SUMI: Earnings Miss Expectations, Forecasts Trimmed Amid Market Headwinds
| Key Information | Details |
|---|---|
| Investment Bank | TA SECURITIES |
| TP (Target Price) | RM0.25 (+25.0%) |
| Last Traded | RM0.20 |
| Recommendation |
Sumisaujana Group Bhd (Sumi) reported its 9MFY25 financial results, which significantly fell short of analyst expectations, achieving only 35% of full-year estimates. The shortfall was primarily driven by lower-than-anticipated revenue growth and compressed margins. Following these results, Mercury Securities has slashed its earnings forecasts for FY25E/FY26E and correspondingly lowered the target price, while maintaining a “Hold” recommendation on the stock.
Performance Review
For the nine months ending FY25, Sumi’s net profit stood at RM5.7 million, representing only 35% of the firm’s full-year estimates of RM12 million. Revenue reached RM118.3 million, or 69% of the full-year forecast. Quarter-on-quarter (QoQ), the group experienced an 18% rebound in topline performance, recovering from a 2% decline in 2QFY25. This growth was attributed to stronger demand from Malaysia (over 100%), Indonesia (+25%), and other international markets, alongside the partial delivery of a secured contract that contributed RM19.8 million in revenue during the quarter. However, despite the topline recovery, gross profit fell 32% QoQ, and pre-tax profit (PBT) saw a substantial 84% QoQ decline. Margins were severely impacted, with gross profit margins eroding by 14 percentage points to 21% due to selling pressure and an unfavourable product mix. PBT margins were also affected by the stronger Malaysian Ringgit’s impact on the group’s US dollar-denominated business and a high effective tax rate.
Factors Behind Underperformance
The underperformance against expectations was mainly due to several factors. These included lower-than-expected revenue growth resulting from slow execution of manufacturing contracts with local US manufacturers, reduced demand from certain Asian and Middle Eastern markets amid geopolitical tensions, and competitive pricing strategies as Sumi aimed to gain market share. A less favorable product mix further exacerbated the margin erosion. The group also incurred a higher effective tax rate of 29% for 9MFY25, compared to 17% in FY24, which further compressed net profitability.
Future Outlook and Strategic Initiatives
Despite current challenges, management expects the outlook for the oil and gas sector to remain broadly stable. The group anticipates selective growth opportunities, particularly with a US manufacturing contract that commenced in October, which is expected to fully contribute to its Trading & Support Services segment in 4QFY25. Management remains confident that new R&D developments will help elevate gross profit margins to the 30% range by CY2026. Sumi is also actively pursuing strategic initiatives to expand its market presence both domestically and internationally. This includes broadening its product range to include oleochemicals for industrial applications and exploring new production facilities in North America and the Middle East. Furthermore, the company aims to diversify growth through innovation, leveraging a licensing agreement with the Malaysian Palm Oil Board (MPOB) to produce palm-based polyols and bio-chemicals.

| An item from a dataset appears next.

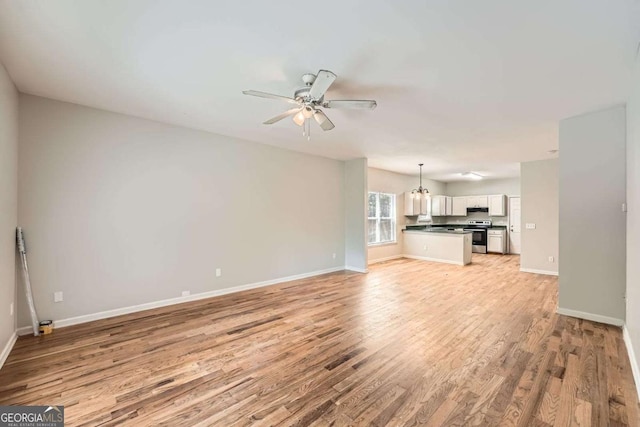 558 Elbridge Dr NW, Atlanta, GA 30318 - unfurnished living room featuring light wood-style flooring, ceiling fan, and a chandelier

Valuation and Recommendation
In response to the weaker 9MFY25 performance, Mercury Securities has significantly cut its FY25E and FY26E earnings estimates by 57% and 37% respectively, revising them to RM5 million and RM7 million. Consequently, the target price has been slashed by 37% to RM0.088 (previously RM0.14), based on a 17.5x FY26E EPS multiple, which represents a 50% discount to global peers. Despite a recent retracement in its share price, valuations are still considered demanding. As a result, the investment bank has reiterated its “Hold” recommendation for Sumi.